— ASSIGNED TASK —
Where a line in the material below has the string "Black", please report it.

— SUPPLIED DATA —
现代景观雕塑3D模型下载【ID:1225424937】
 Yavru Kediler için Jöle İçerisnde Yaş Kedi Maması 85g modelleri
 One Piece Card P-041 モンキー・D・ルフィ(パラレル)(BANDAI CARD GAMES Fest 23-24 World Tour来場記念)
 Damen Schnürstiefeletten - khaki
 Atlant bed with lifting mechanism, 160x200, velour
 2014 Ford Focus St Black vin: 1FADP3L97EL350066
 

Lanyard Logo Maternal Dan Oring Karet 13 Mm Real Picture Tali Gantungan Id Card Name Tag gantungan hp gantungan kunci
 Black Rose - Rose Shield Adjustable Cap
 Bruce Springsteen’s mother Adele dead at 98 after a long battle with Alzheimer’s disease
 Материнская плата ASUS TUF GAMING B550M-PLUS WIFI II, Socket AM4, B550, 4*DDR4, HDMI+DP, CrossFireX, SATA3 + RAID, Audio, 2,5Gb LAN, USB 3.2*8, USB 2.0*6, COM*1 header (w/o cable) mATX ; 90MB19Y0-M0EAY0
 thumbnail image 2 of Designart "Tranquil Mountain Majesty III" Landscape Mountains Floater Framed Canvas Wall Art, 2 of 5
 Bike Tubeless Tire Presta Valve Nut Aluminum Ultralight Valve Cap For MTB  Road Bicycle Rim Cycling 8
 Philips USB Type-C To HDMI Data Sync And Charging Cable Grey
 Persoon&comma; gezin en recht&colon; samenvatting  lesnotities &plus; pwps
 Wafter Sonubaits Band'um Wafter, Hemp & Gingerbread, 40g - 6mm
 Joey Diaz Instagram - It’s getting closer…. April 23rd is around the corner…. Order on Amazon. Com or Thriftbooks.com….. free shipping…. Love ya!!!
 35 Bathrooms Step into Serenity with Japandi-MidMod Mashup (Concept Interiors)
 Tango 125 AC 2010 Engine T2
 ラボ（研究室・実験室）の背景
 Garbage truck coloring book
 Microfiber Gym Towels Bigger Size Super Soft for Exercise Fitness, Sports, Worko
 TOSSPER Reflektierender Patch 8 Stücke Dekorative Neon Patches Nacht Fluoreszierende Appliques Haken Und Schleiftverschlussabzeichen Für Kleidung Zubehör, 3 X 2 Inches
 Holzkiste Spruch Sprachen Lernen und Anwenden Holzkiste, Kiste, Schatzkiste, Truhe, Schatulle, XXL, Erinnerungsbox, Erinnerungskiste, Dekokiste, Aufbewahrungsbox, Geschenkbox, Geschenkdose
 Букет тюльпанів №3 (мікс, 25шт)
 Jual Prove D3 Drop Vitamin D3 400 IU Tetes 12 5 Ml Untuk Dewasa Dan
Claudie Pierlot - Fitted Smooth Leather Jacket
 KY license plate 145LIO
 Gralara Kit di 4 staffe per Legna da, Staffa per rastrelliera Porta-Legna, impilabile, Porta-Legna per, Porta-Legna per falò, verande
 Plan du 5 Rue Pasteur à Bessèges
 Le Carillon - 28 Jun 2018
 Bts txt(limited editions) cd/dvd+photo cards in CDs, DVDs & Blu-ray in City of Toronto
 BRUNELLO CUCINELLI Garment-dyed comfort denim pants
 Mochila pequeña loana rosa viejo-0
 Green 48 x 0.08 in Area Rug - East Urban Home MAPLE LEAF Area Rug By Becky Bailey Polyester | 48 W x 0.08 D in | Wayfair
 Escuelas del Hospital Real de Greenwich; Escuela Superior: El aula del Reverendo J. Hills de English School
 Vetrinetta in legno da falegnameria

— RESULT FOR THIS EXERCISE —
 2014 Ford Focus St Black vin: 1FADP3L97EL350066
 Black Rose - Rose Shield Adjustable Cap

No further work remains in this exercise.